- Crawled caption data -
● ● ● ● ●
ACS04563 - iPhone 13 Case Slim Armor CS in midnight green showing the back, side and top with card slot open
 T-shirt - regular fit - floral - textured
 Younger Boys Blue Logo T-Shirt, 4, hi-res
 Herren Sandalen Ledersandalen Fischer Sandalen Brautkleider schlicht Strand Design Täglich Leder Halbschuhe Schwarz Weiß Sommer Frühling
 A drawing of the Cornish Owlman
● ● ● ● ●
- Task -
Could you output exactly the lines from the one containing "Herren Sandalen Ledersandalen" to the end of the entries above, both included, and no others?

- Exercise output -
 Herren Sandalen Ledersandalen Fischer Sandalen Brautkleider schlicht Strand Design Täglich Leder Halbschuhe Schwarz Weiß Sommer Frühling
 A drawing of the Cornish Owlman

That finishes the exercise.